It is great to see a forum area devoted to this topic.

You have often emphasized the desirability of utilizing, as a target for white balance "calibration", a test target that was not only reflective-chromaticity neutral but which had a reflectance in an appropriate range. (Read, "well higher than 18%".)

I wonder if you could expound a little on the optimum reflectance issue.
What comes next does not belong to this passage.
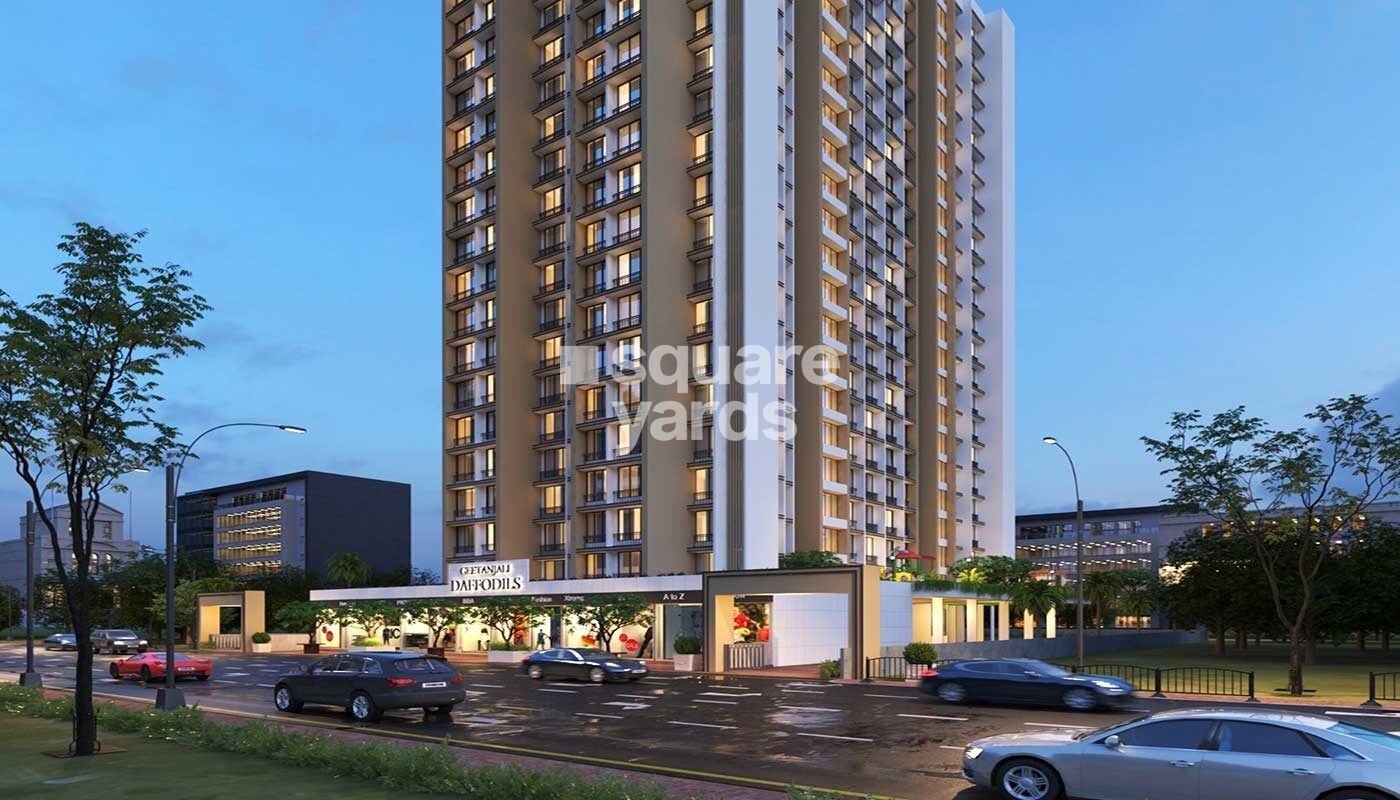 Siddharth Geetanjali Daffodils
As I understand it, the premise is that an exposure result for the target that lies in some upper region of the camera's response will best allow the camera (or WB analysis capabilities in a raw converter) to most accurately determine the chromaticity of the reflected light from the target (and thus the chromaticity of the illumination, which is what we really seek to detemine in this exercise).

If the image of the target does not fill the entirel frame (or at least the area of metering sensitivity), then in a metered test shot, this "fairly high" exposure result for the target of course would come from a target of relatively high reflectance (essentially, a reflectance that is high compared to the actual average reflectance of the whole scene).
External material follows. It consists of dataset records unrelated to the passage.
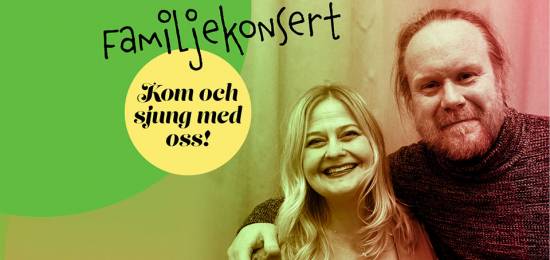 Musikfestival – Familjekonsert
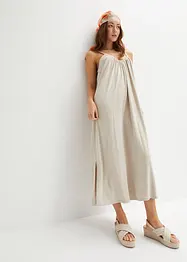 Robe en doux jersey de modal mélangé, bonprix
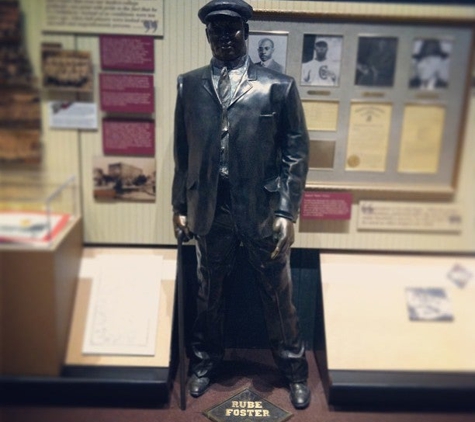 Negro Leagues Baseball Museum - Kansas City, MO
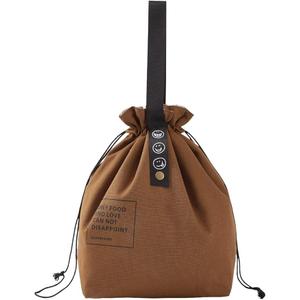 DAROSS Lunch Bag，Insulated Lunch Bag，Thermal Cooler Bag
Of course, if one has taken a metered "frame-filling" shot of the target for WB calibration, it would not seem that the reflectance of the target would matter - the exposure result will be whatever the camera's metering calibration produces for a uniform-luminance scene. But perhaps that is not the practice of most interest.

Am I at all on the right track here?


Best regards,


Michael Tapes

OPF Administrator/Moderator
Yes. Exactly. Since a WhiBal or similar product is not shot full frame, the exposure of the WB gray area will be the bright gray that it is in real life. Obviously if you spot meter on gray, white or black they will all come up at ~18% gray. So........if you use a certified neutral 18% gray card (that is really neutral) and overexposed it by about 2 stops, you would have the equiv of a WhiBal. But in most cases you will simply want to throw the card to the subject and take a Reference shot in which case the ref card has to BE the light gray and not the 18%.
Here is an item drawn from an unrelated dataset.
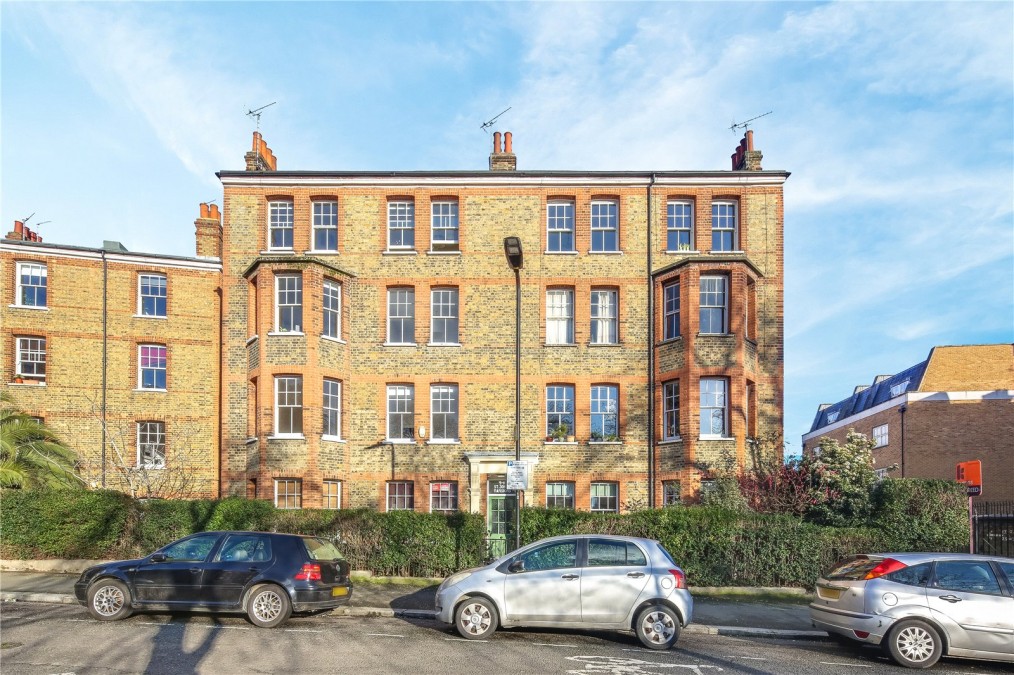 St. John's Mansion, E5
That is why when shooting a Custom Whiter Balance regardless of device, you really want to use a LIGHT gray, rather than a White or 18% gray, because the camera will be able to make a better Custom White balance. it might be that some cameras (not Canon) automatically take this into account and that is why one MUST use an 18% gray for that specific camera. Same with White. But one would have to KNOW the innards of the camera to make this assumption. Only Canon (AFAIK) actually uses a developed picture to set the CWB. Nikon and others use a virtual capture to set the WB and we never get to see it. We just get to see OK or NG.

Hope that this answered what you were asking.

Thanks for being the first poster!

Doug Kerr

Hi, Michael,

Thanks for filling all that in. It jibes well with my presumptions (always nice to have that happen!).